GB2348342A

GB2348342A - Reducing the data rate of a speech signal by replacing portions of encoded speech with code-words representing recognised words or phrases

Info

Publication number: GB2348342A
Application number: GB9906763A
Authority: GB
Inventors: John Joseph Spicer; Peter Chambers
Original assignee: Roke Manor Research Ltd
Current assignee: Roke Manor Research Ltd
Priority date: 1999-03-25
Filing date: 1999-03-25
Publication date: 2000-09-27
Anticipated expiration: 2019-03-25
Also published as: GB9906763D0; GB2348342B; US6519560B1

Abstract

Described herein is a method and apparatus for reducing the bit rate of transmitted signals in a telecommunications system. This is achieved by operating a speech recognition device (212) in parallel with a speech coding device (210) in a transmitter terminal (200).

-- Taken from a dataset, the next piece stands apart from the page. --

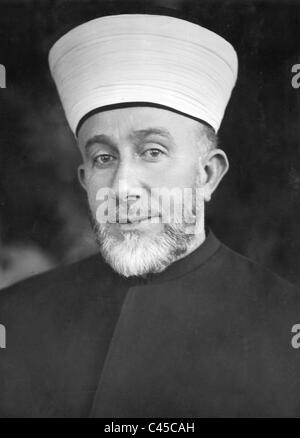 Grand Mufti Amin el Husseini in front of the Mosque in Berlin Stock ...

An analogue input signal (204) from a microphone (202) is digitised in analogue-to-digital converter 206 to provide a digital signal (208) which is applied to both the speech coding device (210) and the speech recognition device (212). Output signal (220) for transmission by antenna (222) is formed by combining output signals (214, 216) from the speech coding device (210) and the speech recognition device (212) using switch (218), recognised speech being converted to codewords which replace packets or sequences of packets of the coded signal corresponding thereto. In a receiver terminal (250), antenna 252 receives the transmitted signal and passes it to both a speech coding device (256) and a speech generator (258) prior to being converted to an analogue signal (270) for speaker (272). Speech generator (258) recognises codewords present in the signal and converts them back to digital signals (262) and then overwrites digital signal (260) from speech coding device (256) via switch (264) to reconstruct the complete signal prior to being passed to digital-to-analogue converter (268). In alternative embodiments (Figs. 3, 4) the encoding and recognition devices operate in sequence.

Description

IMPROVEMENTS IN OR RELATING TO TELECOMMUNICATION SYSTEMS The present invention relates to improvements in or relating to telecommunication systems and is more particularly concerned with lowering the bit rate required for speech transmission in such systems.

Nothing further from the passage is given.